Hope — In The Midst of Uncertainty

Do you ever feel your stomach clench at the thought of your future? 

Do you ever struggle to see yourself successful, healthy, and happy in the future?

Today is one of those days that I sit down on the balcony witnessing yet another sunset, with trembling lips. 

How many times will the sunrise up on me again? What if…

I don’t know just why, but these thoughts kept hindering me. Every little insecurity about my future seemed to attack me. 

Shut up, I keep telling myself but I can feel the anxiety gushing over me, making me numb. Another breakdown. How many more times can I take this? I tried everything they say—cut down caffeine, count backward, wriggle your toes, deep breaths— but nothing ever seems to work. 
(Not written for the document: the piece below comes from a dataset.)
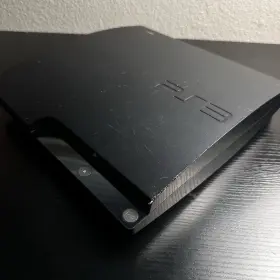 Cech-25001a Sony Playstation 3 160gb Ps3 Slim Cech-2501a Black Console Only No Tested Cech-25001a Sony Playstation 3 160gb Ps3 Slim Cech-2501a Black Console Only No Tested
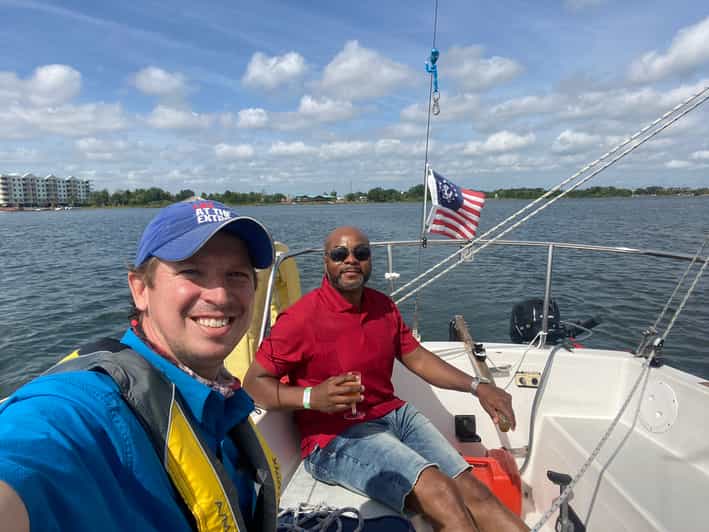 Orlando Sailing Tour with Certified Sailing Instructor GetYourGuide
Frustrating. Draining. I’m not sure how to describe it any more. Everything seems hopeless and I can’t find a purpose within myself. 

But this isn’t the end. This can never be the end. There is always a light at the end of even the darkest tunnel. I assure myself. I hope and believe that I’m going to be just fine. 

Remember even in pain, we can rise. We can see peace in the midst of chaos, and we can see victory in the midst of defeat. All it takes is hope and trust. Just don’t give up on yourself yet. Your anxiety is understandable, what you’re feeling is okay. Even when we seek help or try other ways to help with it (which I highly encourage and are absolutely needed), I guess we need to ultimately overcome our anxieties by accepting the fact that we aren’t in control of what happens. It’s better for us to just let go, hope, and prepare ourselves for the best because that’s all we are in control of. 

That’s the beauty of life. You don’t know what to expect. You can’t control what happens to you or those you love and care about. But maybe that’s why hope exists. That’s why your loved ones exist. And making the best of today is what matters. It’s just so hard to let go sometimes—to let all the anxiety and fear wash away.